Social media app TikTok is launching a new content moderation center to allow experts to examine and verify TikTok's practices in order to boost transparency efforts. 

This new facility in Los Angeles, Calif. will provide outside experts an opportunity to directly view how teams at TikTok go about the work of moderating content on the platform. Other measures that TikTok has taken to ensure transparency and data protection include hiring a global General Counsel, a Chief Information Security Officer, and expanded their Trust & Safety hubs in the US, Ireland, and Singapore led by industry veterans.

Experts will get a chance to evaluate TikTok's moderation systems, processes and policies, notes the company. That includes, but is not limited to, seeing:

  • how trained content moderators apply those Guidelines to review the technology-based actions that are escalated to them, and to identify additional potential violations that the technology may miss; 
  • how users and creators are able to bring concerns to TikTok's attention and how those are handled;
  • ultimately, how the content that is allowed on the platform aligns with their Guidelines.
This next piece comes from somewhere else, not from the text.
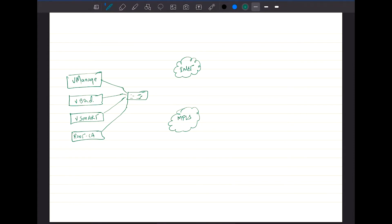All of these controllers can actually be connected to one core switch. Then this core switch is going to be connected to both the transports. That's how it's going to work. And then you are also going to have a vManage connected to your management PC.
"We expect the Transparency Center to operate as a forum where observers will be able to provide meaningful feedback on our practices. Our landscape and industry is rapidly evolving, and we are aware that our systems, policies and practices are not flawless, which is why we are committed to constant improvement," says TikTok. 

The Transparency Center will open in early May with an initial focus on TikTok's content moderation. Later, TikTok notes they will expand the Center to include insight into their source code, and their efforts around data privacy and security. This second phase of the initiative will be spearheaded by their newly appointed Chief Information Security Officer, Roland Cloutier, who starts with the company next month.